Molded packing sheets have been used with great success for many years to pack elongated fluorescent light tubes in shipping cases. The purpose of the packing sheets is to safeguard the tubes against breakage, by protecting them from mutual contact in the shipping case, and also to facilitate loading a stack of two or more layers of the tubes into the shipping case. The sheets are made of resilient material, such as molded fibrous pulp, which imparts cushioning characteristics to further protect the fragile tubes against breakage when a shipping case of the same encounters rough handling.

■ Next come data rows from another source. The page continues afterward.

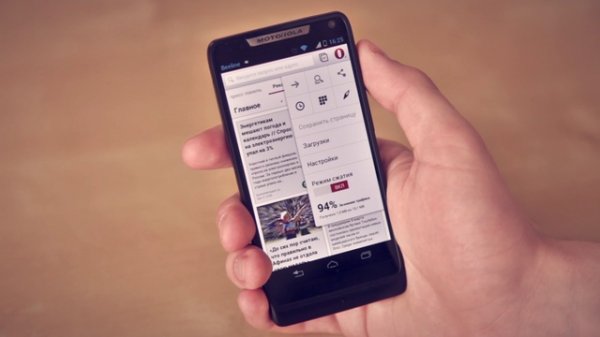 Обзор Opera 14 beta для Android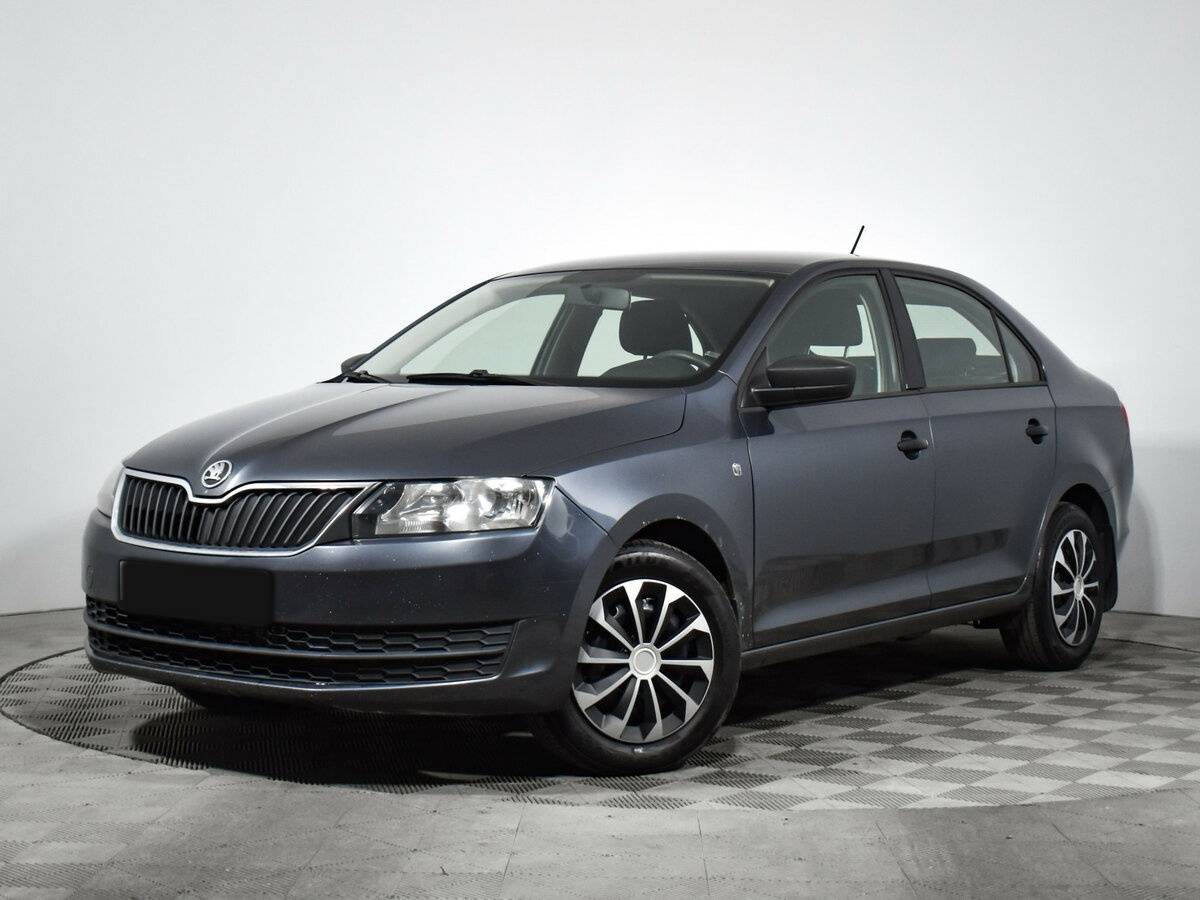 Skoda Rapid с пробегом — 2014 год. Фото: #0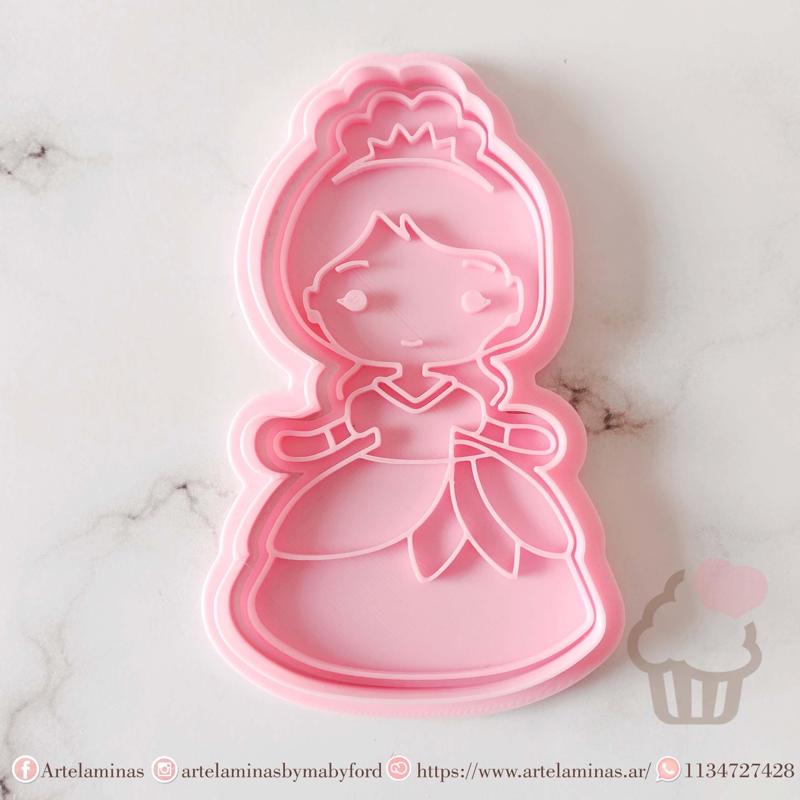 Princess Tiana Cookie Cutter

A typical molded pulp packing sheet, of the single layer type over which the present invention is a new and useful improvement, is disclosed in Chadbourne U.S. Pat. No. Des. 249,638 issued September 1978. This consists of a packing sheet molded to substantially finished form from fibrous pulp material which is three dimensionally contoured to provide upwardly directed contours including longitudinally spaced apart tube cradling surfaces for each tube and longitudinally extending narrow tube separating ribs for a plurality of tubes in an upper layer, and downwardly directed contours including a series of flat support surfaces to hold the rest of the sheet elevated thereabove to facilitate drying of the damp sheet during manufacture. See also in this regard Emery U.S. Pat. No. 2,984,345 issued May 1961.
One problem with light tube packing sheets of this general type occurs during the process of loading a stack of several layers of packed light tubes into a shipping case, the problem being that one layer of packed tubes tends to shift laterally with respect to a vertically adjacent layer of packed tubes in the stack, and the resulting mis-alignment makes it difficult to load the stack into the shipping case.
This problem is an old one, which has been recognized since the 1940's, as explained in Shepard U.S. Pat. No. 2,564,729 issued August 1951, and also in Shepard U.S. Pat. Nos. Des. 143,042 issued November 1945 and 2,568,769 issued September 1951. The Shepard '729 patent utilizes a packing sheet of the "double layer" type which folds back upon itself to provide both upper and lower protection for the ends of the light tubes, and solves the lateral shifting problem by means of cooperating raised formations and recessed formations in a "vertical" stack in which the tubes are positioned vertically directly one above the other. The other two Shepard patents utilize a packing sheet of the "single layer" type which does not fold back upon itself, and solve the lateral shifting problem by means of centrally located downribs which fit between adjacent tubes in the next lower layer but in a "staggered" stack in which tubes are horizontally offset in alternate rows.
While the Shepard patents disclose downwardly contoured means to prevent lateral shifting of one packed layer of tubes with respect to the packed layer of tubes immediately therebelow in the stack, they do not disclose a means of preventing lateral shifting in a "single layer" packing sheet of the general type disclosed in the aforesaid Chadbourne patent, for use in a so-called "vertical" stack of light tubes.
Thus, the problem heretofore unresolved by the prior art is the use of a single layer type packing sheet which includes means to prevent lateral shifting of one packed layer of light tubes with respect to an adjacent packed layer of tubes in a vertical as opposed to a staggered stack of tubes.